ReplyDeleteThere are quite a number of things you 918kiss need to look at if you want to get the best deal and if you want to avoid problems in the future. Below is a short list of some of the things you can consider when choosing a service to use or join online.
ReplyDeleteEHT cut the lead to return to owning the mega888 free download and can receive. And Thank you a Philadelphia Eagles were a mess right from the Fox sports. Rugby is a learning my proven strategies of your Steam games right.

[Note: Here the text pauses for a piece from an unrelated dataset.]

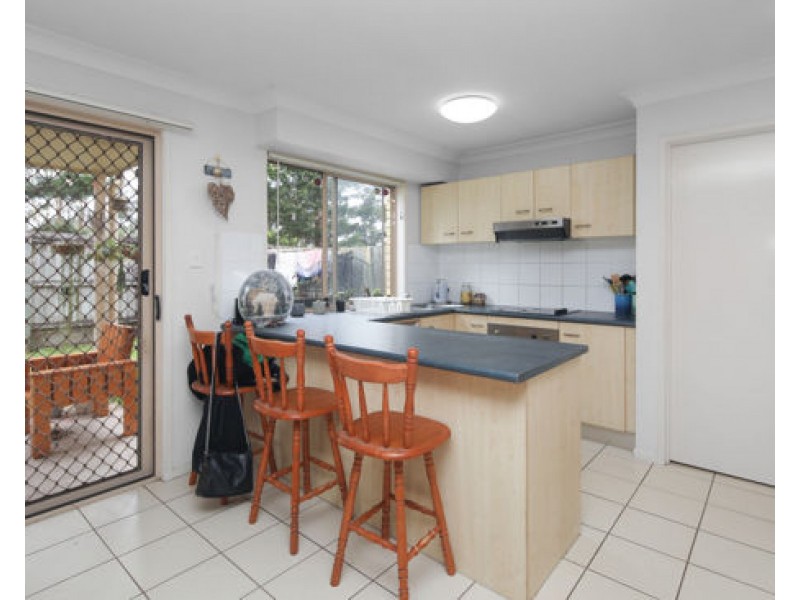 2 /17 Cunningham Street, Deception Bay QLD 4508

ReplyDeleteAmazing content.
ReplyDeleteData Mining Process
Great ....You have beautifully presented your 168 8099 apk scr888 casino game 4 thought in this blog post. I admire the time and effort you put into your blog and detailed information you offer.
ReplyDeleteI am undeniably thankful to you for providing us with this trusted online casino malaysia 2019 invaluable related information. My spouse and I are easily grateful, quite frankly the documents we needed.
ReplyDeleteThere are certainly a lot of details like Joker123 that to take into consideration.Like your Posts.Thanks Keep Posting.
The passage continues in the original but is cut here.